One of our larger holdings agreed to sell itself last week at what we would consider a fair price. This has been a long and winding road that involved “activeness.” As noted in our November 21, 2019 SEC filling:

CSC has carefully monitored the Issuer’s difficulty over a multi-year period in achieving acceptable revenue growth, the associated lack of acceptable profitability, the management changes, and the systems implementation problems. In light of the recently announced sale of the Tuition Program Management at a multiple of 3 times revenue when GPX overall sells at a multiple of .5 times revenue, CSC believes that GPX is severely undervalued and there is a material question mark regarding the risk-adjusted present value of management’s operating plan. Therefore, it is incumbent upon the Board of Directors of GPX (the “Board”) to explore strategic alternatives that could further highlight the underlying value of the Issuer versus its current share price. The Reporting Persons expect to engage the Board and the management team in this process and thus are changing their filing to “Active” status.

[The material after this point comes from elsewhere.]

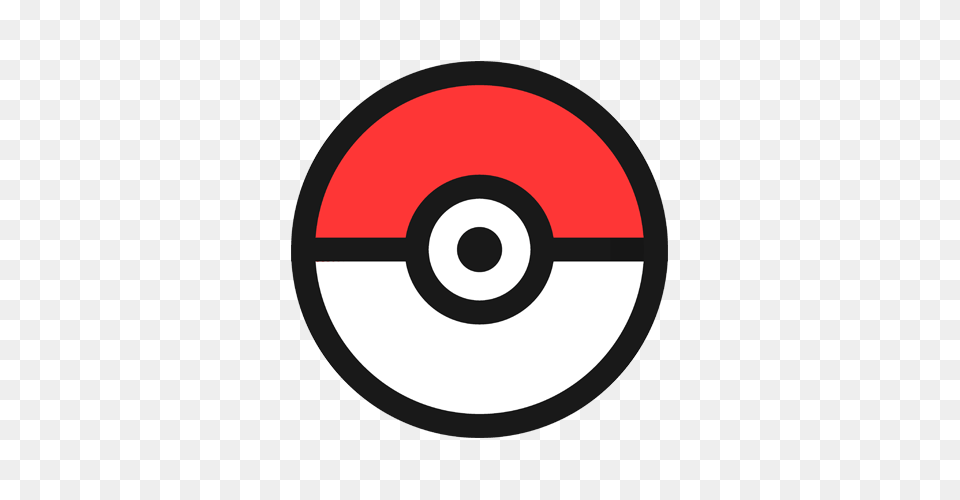 Pokemon, Disk, Dvd Png Image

Getting people to see things your way in a corporate setting is an interesting dynamic. Sometimes it’s worse than interesting as darker human motives can surface that call into question quaint notions of “fiduciary responsibility.” In this case, that was not the case, but some elbows needed to be sharpened as it is not always easy for people to understand that “Plan A” has had sufficient time to be proven simply not doable. GP Strategies “needs” a larger platform in order to properly cross-sell and better monetize their IP across a global scale. It was highly unlikely to achieve it on their own.

Additionally, we have sometimes found it the case that what seems like a good idea in a conference room is completely the antithesis of what the “market” is looking for. Case in point – CEO Adam Stedham – was originally made interim CEO after the effective retirement of long-time CEO Scott Greenberg. Not a good idea in our view. Adam knew what he was doing, and needed the authority to do it. He was made “official” CEO shortly after the first press release, with a little help from certain shareholders. And to his credit and we thank him for it, he transcended the natural temptation to see his ascendance to the top job as the beginning of a reign. He will now be known as “the guy who took a single-digit stock, cut costs, made great asset sales at accretive to shareholder prices, and got the company sold for shareholders at $20.85.” His resume may be available for your review! It was the right move in the right company at the right time, and to get management and the Board to see this for what it really was is, and without a public abuse program…is sadly much more rare than it should be. Thank you team GPX.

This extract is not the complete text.